On 08/09/2011 11:12 PM, Mathieu Desnoyers wrote:
The reader will see the index->waiting set to 1, reset it to 0, and
observe a gp_futex that is not -1 (yet, due to reordering of memory
accesses), thus return immediately.
You're right. I set gp_futex before index->waiting exactly for this
reason, but I was confused by the uatomic name in uatomic_set and didn't
add the memory barrier.
Please note that I am extremely careful when doing changes to the wakeup
code, and I went as far as to create a CPU-level promela model to make
sure the wakeups would never be missed in any allowed memory
access/instruction execution orders.
So adding complexity to this code path for the sake of accelerating the
speed of synchronize_rcu(), which is already considered as a slow path,
does not appear as an immediate win.
It is not accelerating synchronize_rcu().

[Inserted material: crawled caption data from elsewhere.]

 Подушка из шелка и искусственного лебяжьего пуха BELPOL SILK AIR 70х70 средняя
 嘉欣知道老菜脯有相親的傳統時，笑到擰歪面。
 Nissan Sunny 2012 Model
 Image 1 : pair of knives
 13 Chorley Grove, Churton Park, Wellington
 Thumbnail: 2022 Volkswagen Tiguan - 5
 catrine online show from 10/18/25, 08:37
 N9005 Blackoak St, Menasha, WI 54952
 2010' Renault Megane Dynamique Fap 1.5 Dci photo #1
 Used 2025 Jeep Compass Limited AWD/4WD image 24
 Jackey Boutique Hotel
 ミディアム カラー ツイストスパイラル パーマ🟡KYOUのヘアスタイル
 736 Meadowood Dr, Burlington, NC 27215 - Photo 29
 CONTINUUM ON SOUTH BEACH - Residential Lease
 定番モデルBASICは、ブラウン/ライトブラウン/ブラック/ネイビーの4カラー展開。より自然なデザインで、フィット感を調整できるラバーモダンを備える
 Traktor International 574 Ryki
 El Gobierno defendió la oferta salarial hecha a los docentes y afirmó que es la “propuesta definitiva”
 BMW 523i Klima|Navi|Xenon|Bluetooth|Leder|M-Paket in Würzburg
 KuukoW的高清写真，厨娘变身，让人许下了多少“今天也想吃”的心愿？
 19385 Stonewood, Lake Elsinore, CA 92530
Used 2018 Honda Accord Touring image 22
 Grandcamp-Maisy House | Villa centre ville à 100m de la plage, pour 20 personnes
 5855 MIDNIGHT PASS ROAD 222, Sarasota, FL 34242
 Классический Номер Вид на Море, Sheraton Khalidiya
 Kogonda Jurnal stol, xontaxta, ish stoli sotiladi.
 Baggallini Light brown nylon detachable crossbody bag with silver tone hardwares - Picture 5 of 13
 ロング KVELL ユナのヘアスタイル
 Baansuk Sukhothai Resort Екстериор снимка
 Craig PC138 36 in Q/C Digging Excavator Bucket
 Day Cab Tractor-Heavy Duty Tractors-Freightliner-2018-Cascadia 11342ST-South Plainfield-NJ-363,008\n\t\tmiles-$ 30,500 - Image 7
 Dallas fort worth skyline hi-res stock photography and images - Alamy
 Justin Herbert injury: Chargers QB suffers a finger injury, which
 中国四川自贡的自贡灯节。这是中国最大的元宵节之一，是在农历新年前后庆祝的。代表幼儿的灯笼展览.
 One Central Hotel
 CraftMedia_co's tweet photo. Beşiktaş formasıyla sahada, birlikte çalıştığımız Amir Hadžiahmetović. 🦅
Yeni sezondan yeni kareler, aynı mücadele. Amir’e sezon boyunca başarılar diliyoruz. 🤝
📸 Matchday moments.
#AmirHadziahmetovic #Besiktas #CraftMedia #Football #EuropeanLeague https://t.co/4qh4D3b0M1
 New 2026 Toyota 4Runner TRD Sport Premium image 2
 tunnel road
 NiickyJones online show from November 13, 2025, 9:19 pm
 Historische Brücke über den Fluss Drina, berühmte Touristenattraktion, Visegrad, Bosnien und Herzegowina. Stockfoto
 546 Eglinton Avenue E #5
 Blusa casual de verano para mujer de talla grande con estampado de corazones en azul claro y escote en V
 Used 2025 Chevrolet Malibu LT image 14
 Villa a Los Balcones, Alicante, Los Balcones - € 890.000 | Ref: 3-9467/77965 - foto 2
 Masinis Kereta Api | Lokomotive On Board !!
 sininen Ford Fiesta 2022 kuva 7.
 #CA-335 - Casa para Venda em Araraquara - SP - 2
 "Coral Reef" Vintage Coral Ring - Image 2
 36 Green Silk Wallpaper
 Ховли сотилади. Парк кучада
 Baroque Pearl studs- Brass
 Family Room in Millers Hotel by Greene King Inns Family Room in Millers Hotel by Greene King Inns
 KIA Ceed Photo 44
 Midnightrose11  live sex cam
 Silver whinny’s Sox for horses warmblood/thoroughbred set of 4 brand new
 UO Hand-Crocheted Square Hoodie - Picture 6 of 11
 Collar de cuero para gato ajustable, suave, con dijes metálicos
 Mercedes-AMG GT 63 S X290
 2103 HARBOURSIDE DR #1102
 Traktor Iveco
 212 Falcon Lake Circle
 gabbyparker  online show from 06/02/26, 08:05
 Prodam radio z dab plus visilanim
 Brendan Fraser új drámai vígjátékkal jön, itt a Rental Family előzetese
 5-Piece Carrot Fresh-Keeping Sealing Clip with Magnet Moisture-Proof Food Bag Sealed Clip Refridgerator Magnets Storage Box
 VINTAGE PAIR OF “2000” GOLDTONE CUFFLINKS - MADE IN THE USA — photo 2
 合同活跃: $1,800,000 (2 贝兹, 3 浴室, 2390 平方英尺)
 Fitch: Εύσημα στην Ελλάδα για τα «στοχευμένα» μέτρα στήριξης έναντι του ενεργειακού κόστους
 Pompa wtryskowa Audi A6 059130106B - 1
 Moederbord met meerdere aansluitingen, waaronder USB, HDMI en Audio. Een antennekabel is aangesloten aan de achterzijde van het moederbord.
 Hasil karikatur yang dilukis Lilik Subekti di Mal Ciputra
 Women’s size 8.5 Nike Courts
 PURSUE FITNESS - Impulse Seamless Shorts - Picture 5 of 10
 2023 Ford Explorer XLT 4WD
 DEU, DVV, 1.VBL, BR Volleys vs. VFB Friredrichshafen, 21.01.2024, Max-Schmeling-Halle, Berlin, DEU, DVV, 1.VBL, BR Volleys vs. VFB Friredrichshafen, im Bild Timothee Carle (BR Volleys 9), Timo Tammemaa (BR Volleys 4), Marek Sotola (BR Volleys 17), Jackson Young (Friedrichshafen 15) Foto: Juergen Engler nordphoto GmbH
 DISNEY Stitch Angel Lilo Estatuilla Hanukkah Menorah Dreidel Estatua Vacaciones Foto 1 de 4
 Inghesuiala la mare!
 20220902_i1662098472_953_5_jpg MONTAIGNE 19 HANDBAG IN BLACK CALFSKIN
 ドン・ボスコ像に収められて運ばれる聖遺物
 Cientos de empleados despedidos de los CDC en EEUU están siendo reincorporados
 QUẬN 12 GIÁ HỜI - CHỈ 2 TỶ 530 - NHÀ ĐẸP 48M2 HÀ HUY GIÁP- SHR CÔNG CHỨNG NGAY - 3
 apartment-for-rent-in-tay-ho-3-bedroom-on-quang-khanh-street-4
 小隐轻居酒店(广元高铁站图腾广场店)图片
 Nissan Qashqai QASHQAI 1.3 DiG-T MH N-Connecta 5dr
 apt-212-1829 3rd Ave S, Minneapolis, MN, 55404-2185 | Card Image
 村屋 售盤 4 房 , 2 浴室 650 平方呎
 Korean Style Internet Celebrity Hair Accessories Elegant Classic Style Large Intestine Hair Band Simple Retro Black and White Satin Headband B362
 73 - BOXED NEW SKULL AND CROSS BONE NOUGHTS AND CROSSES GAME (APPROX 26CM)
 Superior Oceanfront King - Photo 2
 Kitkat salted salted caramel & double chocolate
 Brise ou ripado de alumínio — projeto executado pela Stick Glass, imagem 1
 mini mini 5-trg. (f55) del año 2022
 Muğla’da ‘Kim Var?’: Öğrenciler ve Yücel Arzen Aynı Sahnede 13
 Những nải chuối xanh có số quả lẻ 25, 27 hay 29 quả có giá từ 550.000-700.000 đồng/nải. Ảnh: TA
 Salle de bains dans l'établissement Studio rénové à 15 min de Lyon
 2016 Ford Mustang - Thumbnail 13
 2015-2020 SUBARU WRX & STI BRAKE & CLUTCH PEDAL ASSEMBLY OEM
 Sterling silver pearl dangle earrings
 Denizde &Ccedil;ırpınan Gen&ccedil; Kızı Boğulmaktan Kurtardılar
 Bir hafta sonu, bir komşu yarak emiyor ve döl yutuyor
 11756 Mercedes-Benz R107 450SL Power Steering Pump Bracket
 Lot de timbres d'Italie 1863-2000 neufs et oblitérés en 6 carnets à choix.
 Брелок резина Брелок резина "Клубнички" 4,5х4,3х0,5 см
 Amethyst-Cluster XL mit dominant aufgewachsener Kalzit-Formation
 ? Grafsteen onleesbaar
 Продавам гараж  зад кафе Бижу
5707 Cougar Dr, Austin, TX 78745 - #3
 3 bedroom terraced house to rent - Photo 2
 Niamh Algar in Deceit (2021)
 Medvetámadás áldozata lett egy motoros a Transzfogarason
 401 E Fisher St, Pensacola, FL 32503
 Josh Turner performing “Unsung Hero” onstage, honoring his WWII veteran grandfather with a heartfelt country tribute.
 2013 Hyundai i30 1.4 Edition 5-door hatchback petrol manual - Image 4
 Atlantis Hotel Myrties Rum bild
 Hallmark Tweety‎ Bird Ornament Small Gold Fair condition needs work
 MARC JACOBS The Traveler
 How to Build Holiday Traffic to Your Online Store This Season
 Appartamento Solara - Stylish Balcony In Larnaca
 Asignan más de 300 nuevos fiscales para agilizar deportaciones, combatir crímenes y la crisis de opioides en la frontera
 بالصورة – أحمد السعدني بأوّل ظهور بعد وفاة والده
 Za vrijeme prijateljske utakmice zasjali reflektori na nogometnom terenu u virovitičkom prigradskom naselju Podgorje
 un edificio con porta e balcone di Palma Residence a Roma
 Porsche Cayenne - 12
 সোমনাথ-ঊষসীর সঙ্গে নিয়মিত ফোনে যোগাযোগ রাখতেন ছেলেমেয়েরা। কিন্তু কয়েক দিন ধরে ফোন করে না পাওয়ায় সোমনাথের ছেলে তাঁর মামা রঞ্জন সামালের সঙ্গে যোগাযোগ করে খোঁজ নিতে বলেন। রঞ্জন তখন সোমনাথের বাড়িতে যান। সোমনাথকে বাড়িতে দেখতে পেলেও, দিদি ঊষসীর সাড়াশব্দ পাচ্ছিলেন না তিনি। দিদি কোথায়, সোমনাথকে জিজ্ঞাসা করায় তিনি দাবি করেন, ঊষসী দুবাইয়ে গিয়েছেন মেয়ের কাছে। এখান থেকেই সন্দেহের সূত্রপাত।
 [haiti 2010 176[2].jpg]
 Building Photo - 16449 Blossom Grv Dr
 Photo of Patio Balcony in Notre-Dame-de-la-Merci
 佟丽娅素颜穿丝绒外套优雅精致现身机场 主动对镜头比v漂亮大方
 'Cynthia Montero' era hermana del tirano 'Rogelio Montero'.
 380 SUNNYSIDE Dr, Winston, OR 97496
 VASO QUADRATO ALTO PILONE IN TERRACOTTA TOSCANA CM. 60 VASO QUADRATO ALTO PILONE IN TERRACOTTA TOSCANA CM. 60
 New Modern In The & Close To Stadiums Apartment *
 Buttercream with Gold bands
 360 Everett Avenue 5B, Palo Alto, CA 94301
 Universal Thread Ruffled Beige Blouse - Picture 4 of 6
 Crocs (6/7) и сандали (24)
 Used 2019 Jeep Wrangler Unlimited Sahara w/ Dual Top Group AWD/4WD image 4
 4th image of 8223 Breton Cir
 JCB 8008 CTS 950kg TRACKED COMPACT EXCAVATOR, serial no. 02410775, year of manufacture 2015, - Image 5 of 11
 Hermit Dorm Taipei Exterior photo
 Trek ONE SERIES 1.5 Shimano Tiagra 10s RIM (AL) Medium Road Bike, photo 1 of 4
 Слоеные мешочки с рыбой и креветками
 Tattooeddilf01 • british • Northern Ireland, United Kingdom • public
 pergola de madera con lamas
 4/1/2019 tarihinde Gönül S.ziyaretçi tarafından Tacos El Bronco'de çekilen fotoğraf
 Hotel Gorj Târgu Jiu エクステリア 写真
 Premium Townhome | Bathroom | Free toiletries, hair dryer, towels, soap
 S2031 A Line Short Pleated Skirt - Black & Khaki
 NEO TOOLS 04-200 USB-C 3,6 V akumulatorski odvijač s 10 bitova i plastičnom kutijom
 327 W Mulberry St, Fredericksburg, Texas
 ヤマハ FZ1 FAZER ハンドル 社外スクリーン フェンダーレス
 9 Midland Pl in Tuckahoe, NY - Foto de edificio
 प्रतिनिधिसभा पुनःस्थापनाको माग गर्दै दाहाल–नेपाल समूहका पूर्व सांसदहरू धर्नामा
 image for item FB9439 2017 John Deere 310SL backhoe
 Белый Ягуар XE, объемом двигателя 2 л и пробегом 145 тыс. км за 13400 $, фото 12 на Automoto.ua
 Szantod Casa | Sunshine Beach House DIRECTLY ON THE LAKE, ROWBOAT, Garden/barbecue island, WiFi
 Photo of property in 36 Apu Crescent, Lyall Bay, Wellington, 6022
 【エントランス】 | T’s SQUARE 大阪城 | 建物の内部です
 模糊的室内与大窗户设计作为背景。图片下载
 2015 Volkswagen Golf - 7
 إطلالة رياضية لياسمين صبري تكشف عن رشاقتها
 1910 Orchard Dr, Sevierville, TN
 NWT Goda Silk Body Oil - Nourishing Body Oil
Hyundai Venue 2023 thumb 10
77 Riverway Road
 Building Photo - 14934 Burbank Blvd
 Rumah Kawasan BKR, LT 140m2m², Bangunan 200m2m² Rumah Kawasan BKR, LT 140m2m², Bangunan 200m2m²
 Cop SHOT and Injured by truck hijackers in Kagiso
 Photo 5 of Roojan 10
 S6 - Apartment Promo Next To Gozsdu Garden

It does two things:
1) by using futexes, it avoids burning CPU when a grace period is long.
It is actually effective even if the grace period is _not_ so long:
100 walks through the thread list take less than a millisecond, and you
do not want to call rcu_quiescent_state() that often;
2) once you're always using futexes, if you have frequent quiescent
states in one thread and more rare quiescent states in another, the
former thread will uselessly call FUTEX_WAKE on each quiescent state,
even though it is already in the next grace period.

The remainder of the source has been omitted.